We Need Help and We Need It Now | World

We Need Help and We Need It Now | World

We Need Help and We Need It Now is what you here on all news casts covering the disaster caused by Typhoon Haiyan . There are two things you can do to help Philippine victims of Typhoon Haiyan:  One, send money to an established international aid organization, like the Red Cross or World Vision; and two, ask the US government what is the evacuation versus rescue plan.

More than 2 million people are in need of food aid, according to the Philippine government after Typhoon Haiyan.  And that’s just food.  Other clusters of need include shelter, water and sanitation, and emergency medical care.  It is estimated that there are 600,000 people displaced, many of them homeless, hungry and thirsty.  They need rescue and part of that action plan should include the strategy for evacuation.

Days go by and people, many of them children, are still begging at the sides of roads for food and water, shelter, shoes, pain medication, any of the basics of life.  Just as strong among their calls for assistance is the plea for evacuation.

Corpses float, rot under buildings or lie in the streets.  Horrific, yes, for the survivors, but the threat to public health is just as dramatic.  Combine this with hunger, thirst and lack of sanitation and medical intervention and this makes for a public health crisis of acute disease and more death.

On the rescue front, the pace of intervention has been hampered by: continuing severe weather conditions; the damage to infrastructure like roads and airports; and under-resourced local Philippine jurisdictions who were not remotely prepared to deal with a storm of this historic magnitude.

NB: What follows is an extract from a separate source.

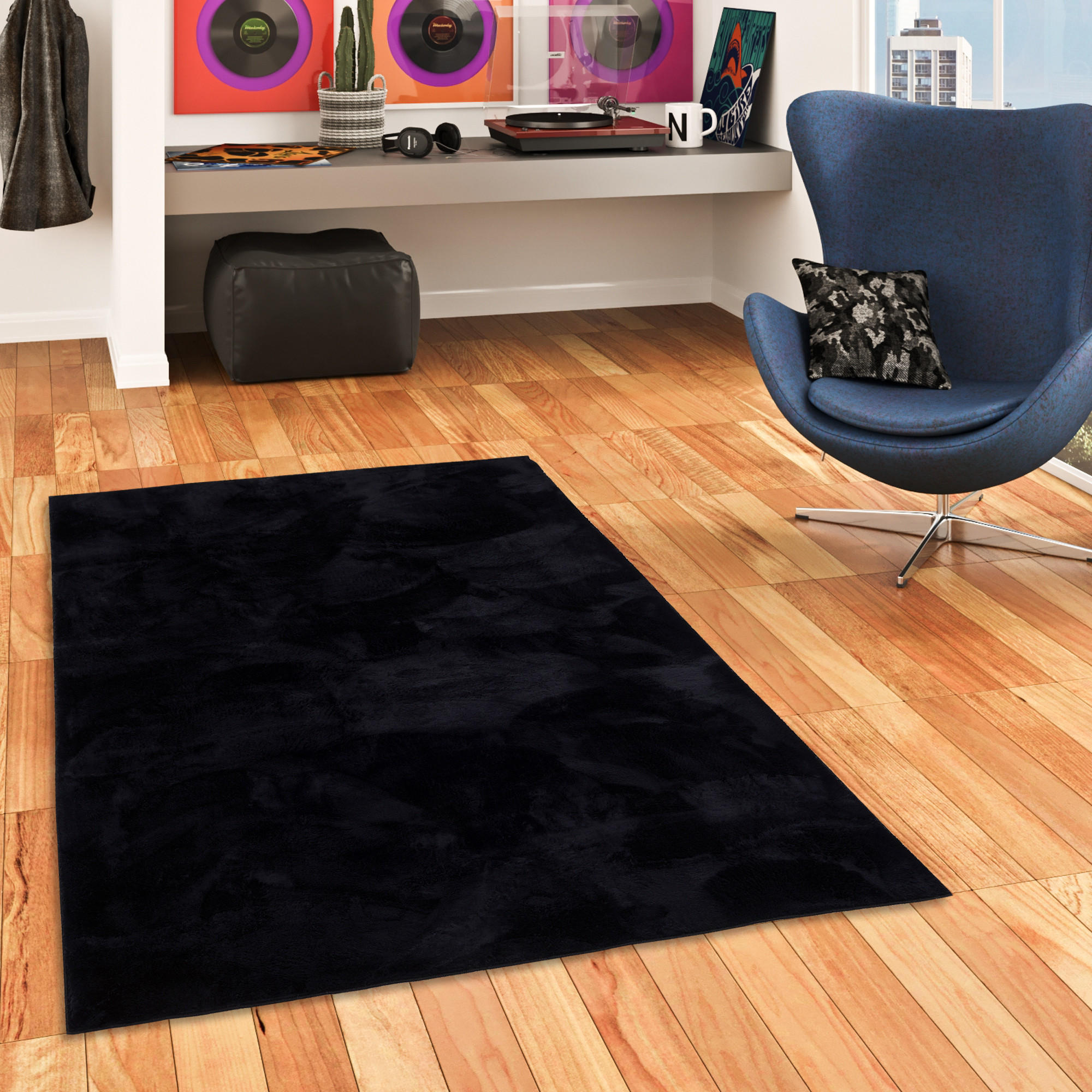 KINDER SUPER SOFT FELLTEPPICH PEARL KIDS - Schwarz, Textil (140/200cm) - Pergamon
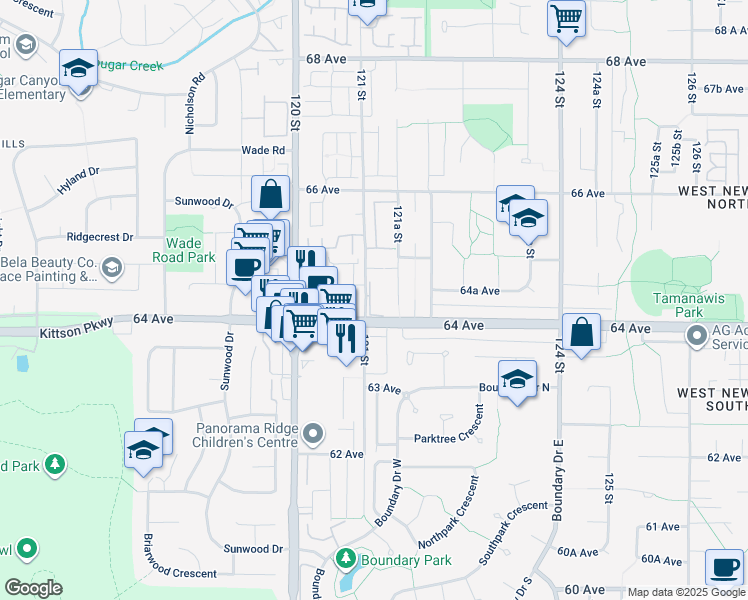 map of restaurants, bars, coffee shops, grocery stores, and more near 6452 121 Street in Surrey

As I write, British and American military continue to mobilize in the Pacific, sending personnel, supplies and equipment, including massive desalination machinery to provide potable water.  Other members of the international community continue to stream rescue teams to the area.

Though delayed, these efforts are starting to reach the Typhoon Haiyan victims.  But goes too slowly. News reports indicate that many of the fortunate ones have been evacuated to Manilla.  The privileged, the lucky-starred fly away, showing that it can be done and leaving those on the ground to wait and wait for assistance but not flight.

It is heart-rending to see so much desperation day after day in the news media.  There’s a drip, drip, drip of rescue when a flood of help as strong as the storm itself is what’s needed.  A humanitarian crisis of vast proportions is getting worse by the day.

As if death, disease, starvation and loss of loved ones were not sufficiently awful outcomes of this impossible storm, today there were reports of new dangers.  When the basics on not in place, like food and water, anarchy takes over.

Eight people were reported killed in one instance when the desperate looted a store that collapsed on them.  Store owners are taking matters into the their own hands to protect their inventories and properties from looters. Some of these looters may be evilly entrepreneurial. Most, we guess, are simply hungry and thirsty and looking to provide for their families.

The police can’t protect the public as most of them are helping their families and dealing with their own acute losses.

Where is the evacuation plan in the aftermath of Typhoon Haiyan?